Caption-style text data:
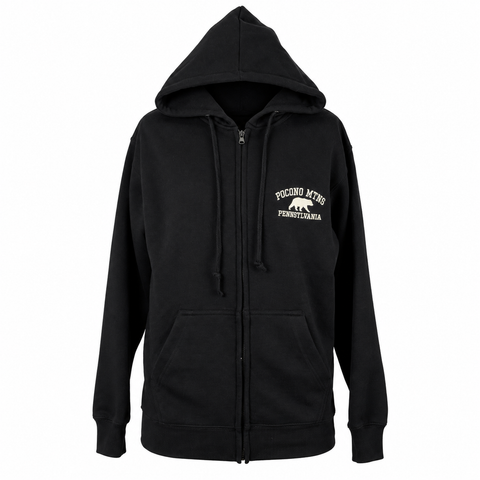 Pocono Mountains Soft Multon Full Zip Hooded Sweatshirt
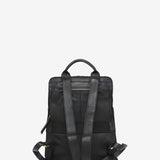 Schwarze Lederhandtasche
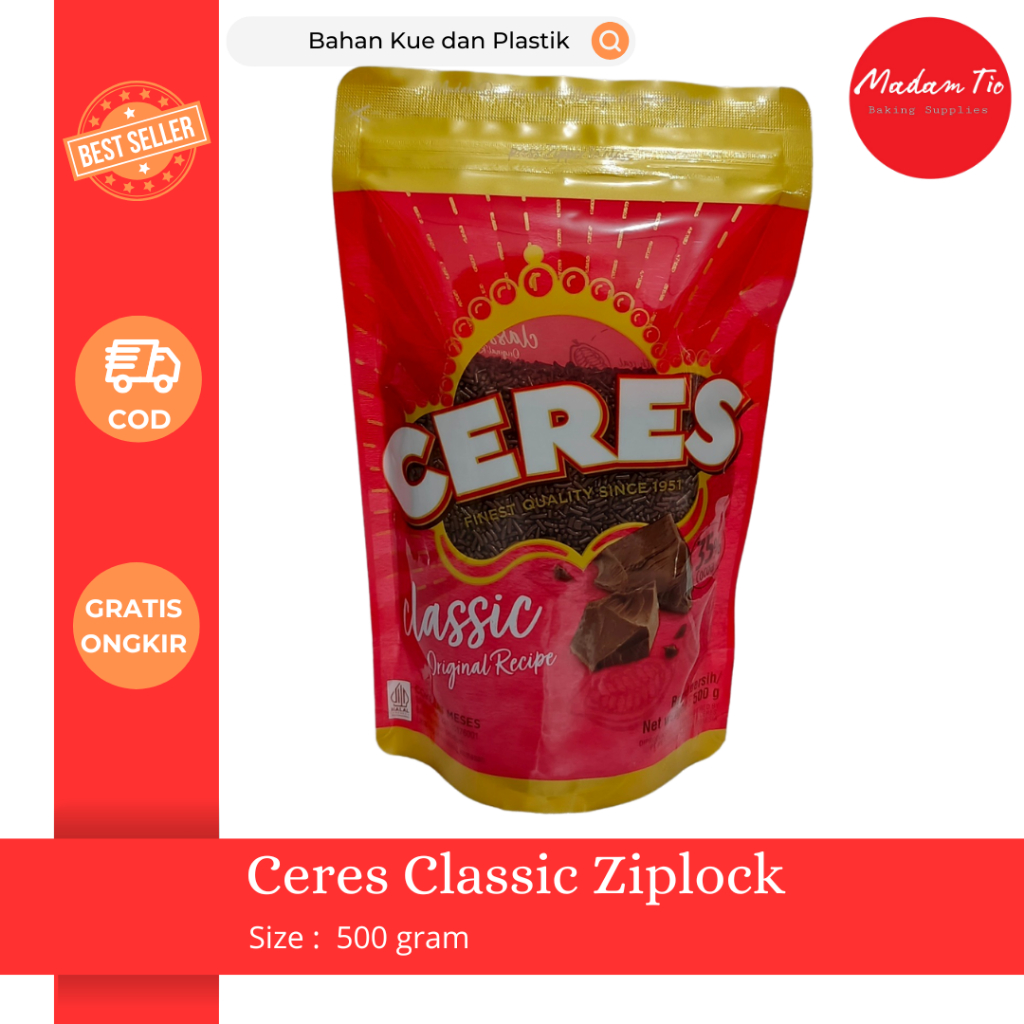 

Ceres Classic Original Ziplock 500g 1pcs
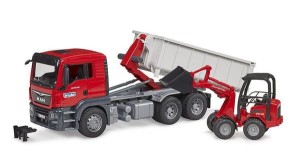 Ciężarówka MAN TGS ze skipem i ładowarką SchäfferCompact 2630 U03767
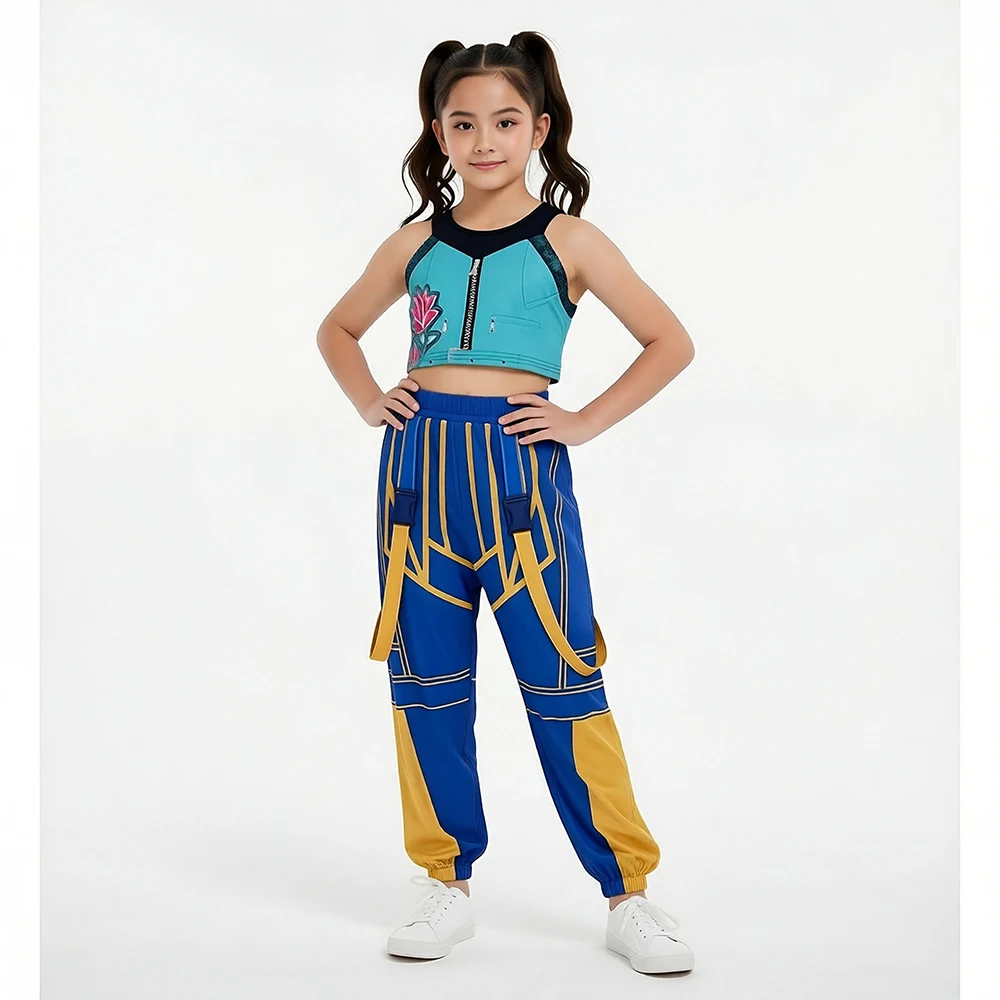 Girl Cosplay Pop Singer Costume Fashion Clothes Girls Stage Performance Dress Up Uniform Children Show Party Costumes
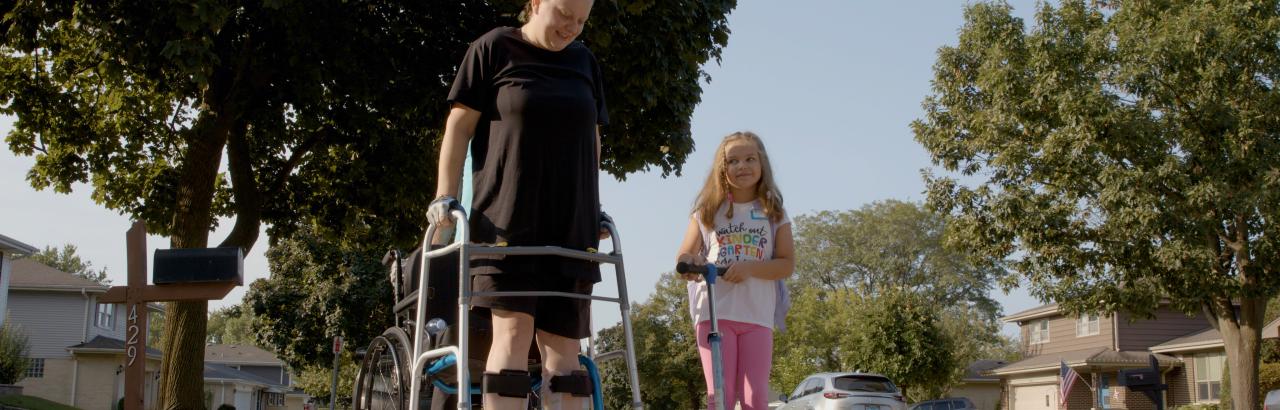 Evelyn walking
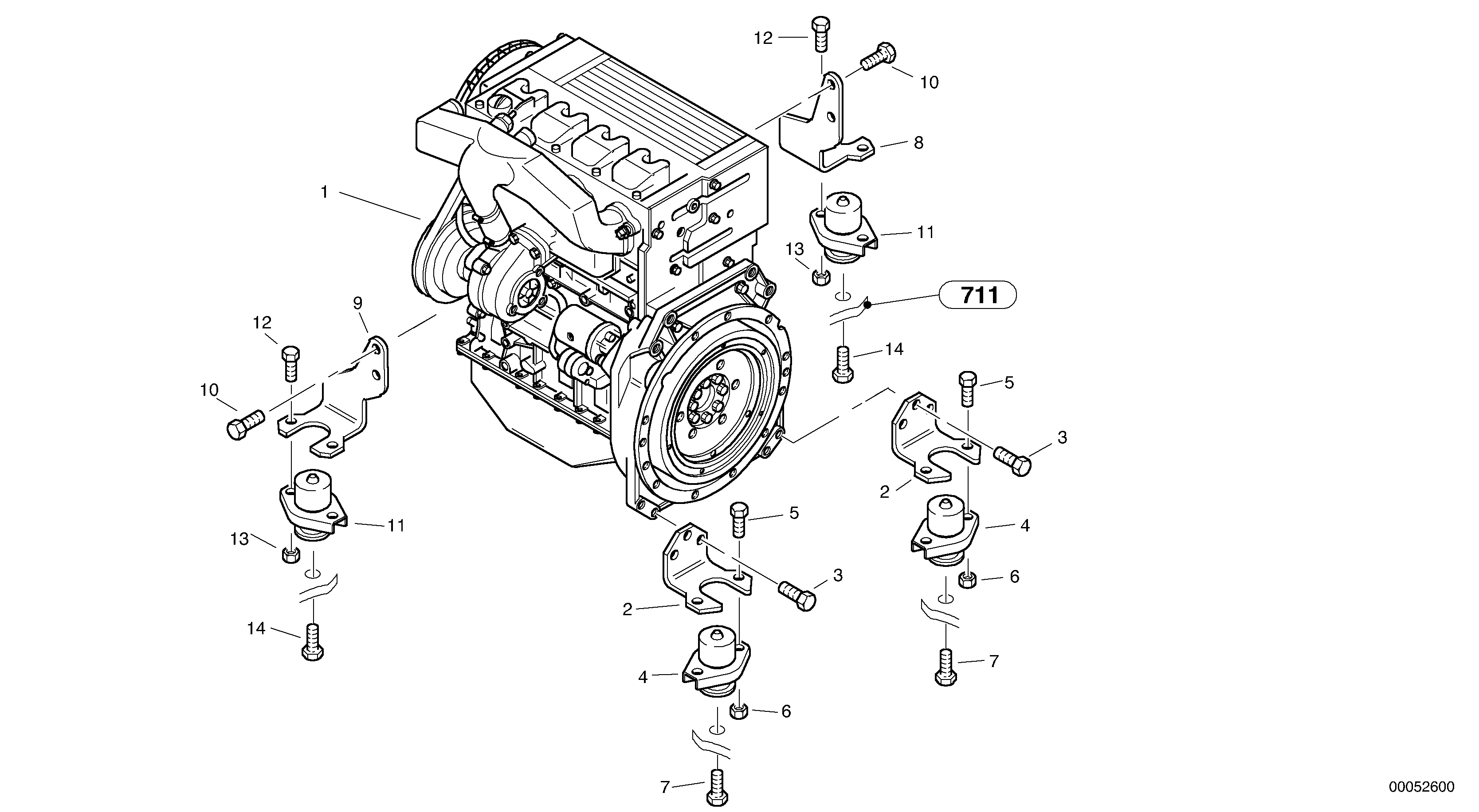Engine assy — volvo parts diagram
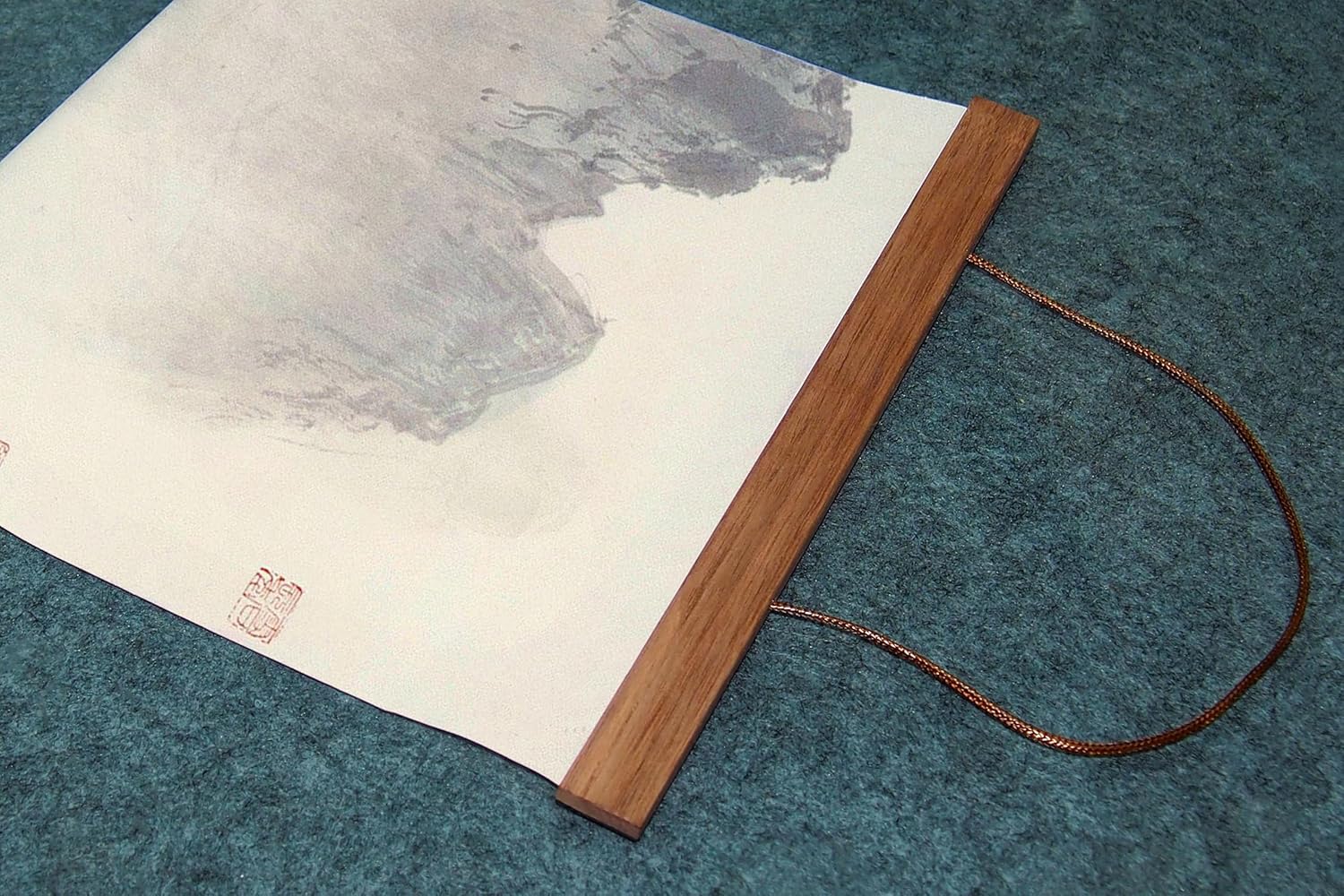 jszip Vintage Chinese Landscape Scroll Paintings - Set of 3 Hanging Art, Solid Wood Frame, Antique Style Home Decor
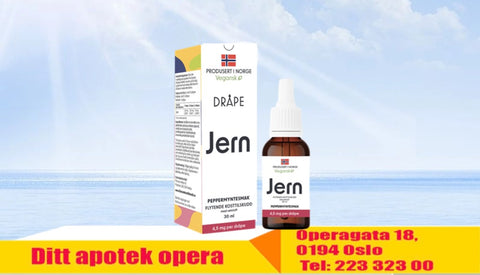 Dråpe vegansk jern med smak av peppermynte 30 ml, 847532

YOUR ASSIGNMENT: Above are some records. Output exactly the lines from the one that contains "Ceres Classic Original Ziplock 500g 1pcs" to the one that contains "Evelyn walking", keeping both, and omit the pictures.

ANSWER SECTION:
Ceres Classic Original Ziplock 500g 1pcs
 Ciężarówka MAN TGS ze skipem i ładowarką SchäfferCompact 2630 U03767
 Girl Cosplay Pop Singer Costume Fashion Clothes Girls Stage Performance Dress Up Uniform Children Show Party Costumes
 Evelyn walking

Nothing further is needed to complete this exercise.